Melrose’s primary argument is based on Code § 55.1-1410(A), which provides that “[a] year-to-year tenancy in a nonresidential rental property may be terminated by either party giving three months’ notice, in writing, prior to the end of any year of the tenancy.” Melrose contends that the lease agreement created a year-to-year tenancy and that the City failed to give three months’ notice of nonrenewal.
Melrose made that argument below. But Melrose contradicted its own position by stating during closing argument, “[w]hile technically this is not a year-to-year lease as outlined in” Code § 55.1-1410, “it is a multi-year lease.” “[A] party may not approbate and reprobate by taking successive positions in the course of litigation that are either inconsistent with each other or mutually contradictory.”
Regardless of whether counsel improperly reprobated, the trial court correctly determined that the lease agreement did not create a year-to-year tenancy. “When a tenant is in possession under a lease for an indefinite term, . . . a periodical tenancy is thereby created . . . .” “Where there is an intent to create a tenancy, and no term is fixed, it is a tenancy from year to year, generally . . . .”

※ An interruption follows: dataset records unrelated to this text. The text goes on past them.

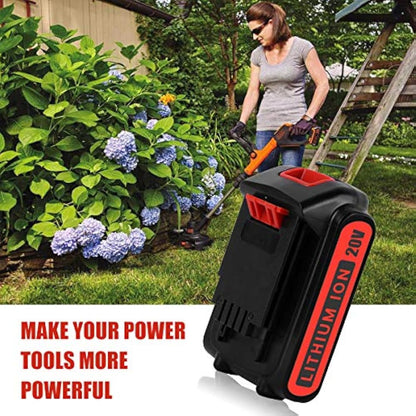 Geelink 3.0Ah Lithium Ion Battery Replacement for Black and Decker 18V LBXR20 BL1518-XJ LB20 LST201 LBX20 LSW20 Cordless Tool Batteries Pack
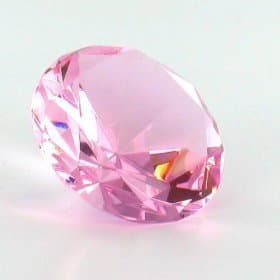 80mm Original Crystal Diamond Jewel Paperweight (Pink)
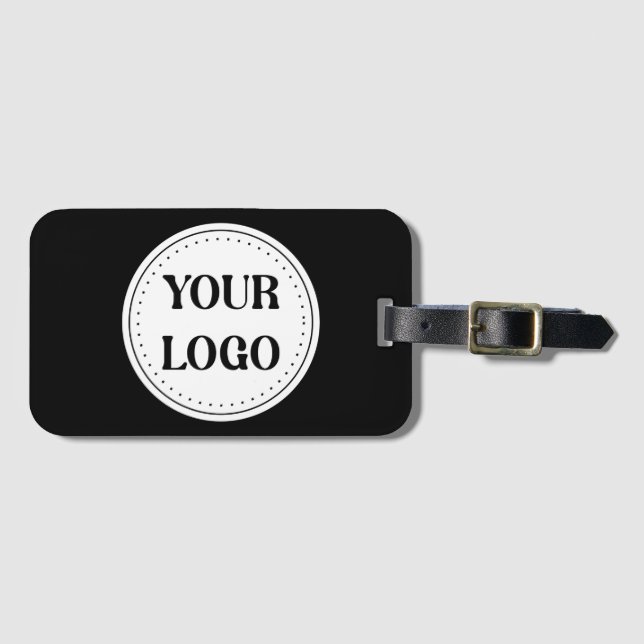 Trendy stylish & elegant branded luggage tag (Front Horizontal)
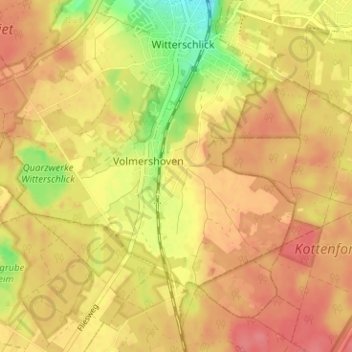 Topografische Karte Heidgen, Höhe, Relief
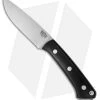 Bark River Fox River Fixed Blade Knife Black Canvas Micarta (4" A-2)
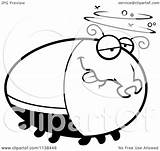 Beetle Drunk Outlined Clipart Cartoon Thoman Cory Coloring Vector 2021 sketch template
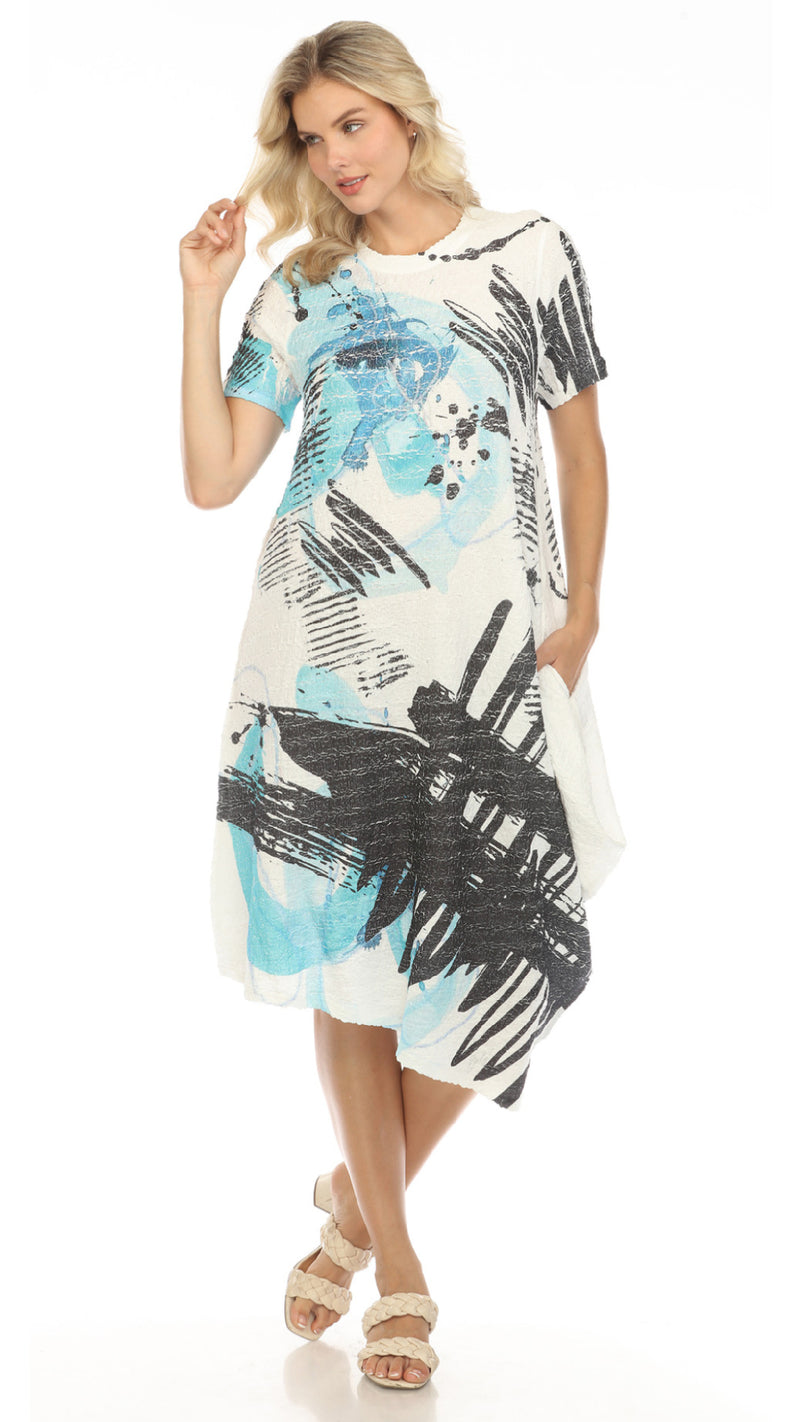 Inoah Short Sleeve Asymetrical Dress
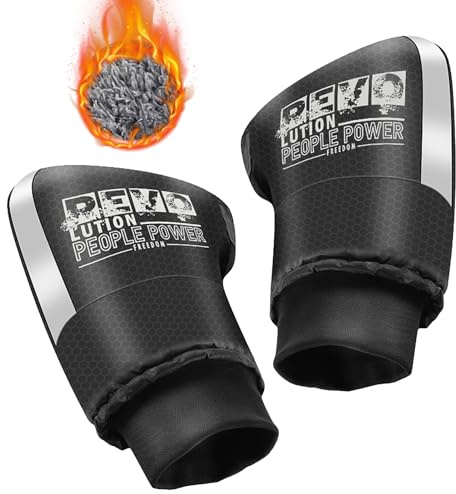 Motorrad-Lenkermuffen-Handschuhe, Winddichte Wasserdichte Motorradhandschuhe, Winter-Thermo-Fahrradhandschuhe, Handwärmer Mit Motorradgriff Und Reflektierendem Streifen Für Motorräder Roller Fahrräder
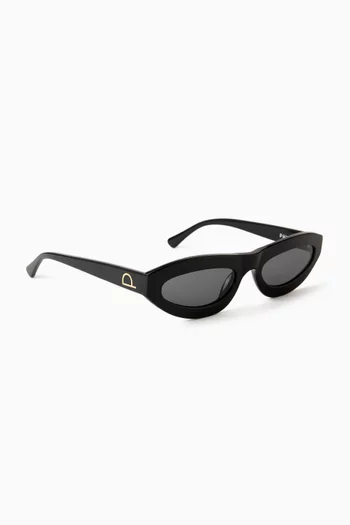 Trinity Cat-eye Sunglasses in Acetate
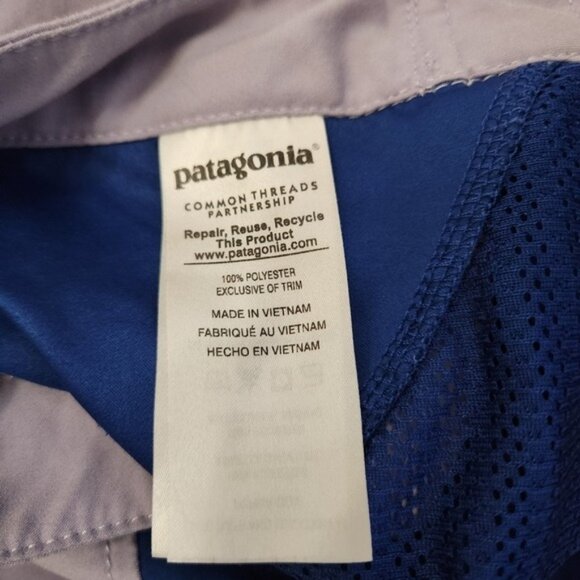 Patagonia Girls' Forries Shorey Board Shorts Lavender Sz 12 - Picture 10 of 11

But a year-to-year tenancy “can arise only where the duration of the tenancy is originally indefinite.” “If the length of the term be fixed by the contract, as where the lease is for a year, or a certain number of years, no notice to quit is necessary to dissolve the relation of landlord and tenant.” In other words, “[w]here a term is to end on a precise day, there is no occasion for notice to quit, because both parties are apprised that unless they come to a fresh agreement there is an end of the term.”
The lease agreement between Melrose and the City did not create a year-to-year tenancy because it had a definite term of three years and terminated on a precise day. Melrose contends, without any supporting authority, that the lease was year-to-year because it “provide[d] [three] annual terms,” with each “running from December 1 to November 30.” But the lease’s plain language did not establish three annual terms. It established one term of three years, terminating on Nov. 30, 2022, with no provisions for automatic renewal. Therefore, the trial court correctly determined that the City was not required to provide Melrose with notice of nonrenewal and properly granted possession to the City.
Affirmed.
Melrose Athletic Club Inc. v. City of Roanoke, Record No. 0469-24-3, Feb. 4, 2025. CAV (unpublished opinion) (Atlee Jr.). From the Circuit Court of the City of Roanoke (Carson). John S. Koehler (Christopher M. Di Risio; The Law Office of James Steele, PLLC, on brief), for appellant. David L. Collins, Deputy City Attorney (Timothy R. Spencer, City Attorney, on brief), for appellee. VLW 025-7-019. 6 pp.